Lo Blacklock, a travel journalist, is given a dream assignment aboard a luxury cruise ship. She thinks she hears a body being thrown overboard from the cabin next door to hers, but there is no evidence of an occupant in that cabin, though she encountered a woman there earlier. Her reliability as a witness is called into question for a number of reasons so Lo investigates on her own.
I found the book was heavy-handed in a number of ways. First of all, Lo’s unreliability as a witness is emphasized so much: she is suffering trauma after a recent home burglary, she suffers from anxiety attacks, she is sleep deprived, and she drinks excessively. Her heart is always thumping (12 references), or pounding (7 references) or beating hard/fast (9 references). She vomits three times. And she never speaks in her own voice: “I wanted it to sound like a command, but it came out like a plea” and “I tried for a laugh, but it came out sounding fake and shaky” and “It came out harsher and louder than I meant” and “It came out like the growl of an animal – not quite human” and “I didn’t mean it to sound the way it came out” and “My voice came out cracked and hoarse” and “I didn’t mean to sound quite so curt” and “I said at last, in a voice that didn’t seem to be mine” and “my voice low and hard and totally unlike my own” and “there was a note in my voice that sounded like a whining little child”! At least three times, she screams and doesn’t recognize that she is the one doing it!

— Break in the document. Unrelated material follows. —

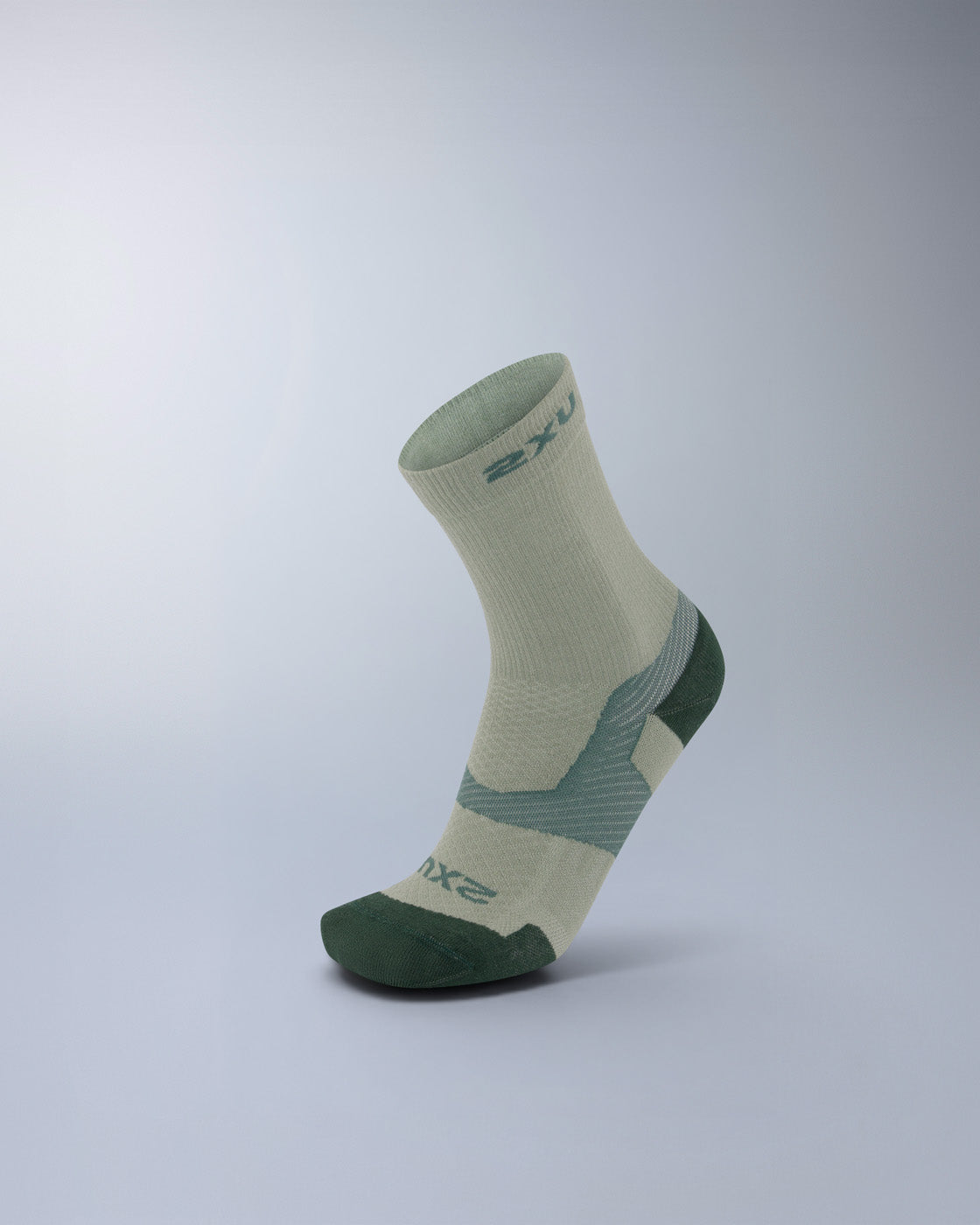 2xu-vectr-light-cushion-merino-crew-socken-eucalyptus-merino image 1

Lo is irritating, rude, and shallow. For instance, she makes observations like, “There was a little knot in the far corner who looked like they could survive for several weeks off their fat reserves, if we were ever shipwrecked” and describes people as “sleek and rotund as a walrus” or “whippet-thin and wearing jewelery weighing more than she did”. At least a dozen times she refers to doing something stupid and even makes comments like “I groaned, at my own stupidity . . . ” and “groaning with my own stupidity” and “Stupid, stupid Lo” and “Stupid, stupid, stupid” and “I should have thought of that” and “How could I not have thought of it?” – comments with which the reader can only agree.
There are some other things that had me shaking my head in disbelief. An adult would pack her copy of Winnie-the-Pooh every time she travels: “Pooh has always been my comfort read, my go-to book in times of stress”? A journalist reads so little that a children’s book is the only one that gives her comfort?
The book supposedly has “surprising twists” but I found none. The ending is certainly not a shock and in some ways lacks logic. The murderer at the end takes some actions that match Lo’s in terms of stupidity.
I read the author’s In a Dark, Dark Wood and was disappointed. I wish I hadn’t given her a second chance.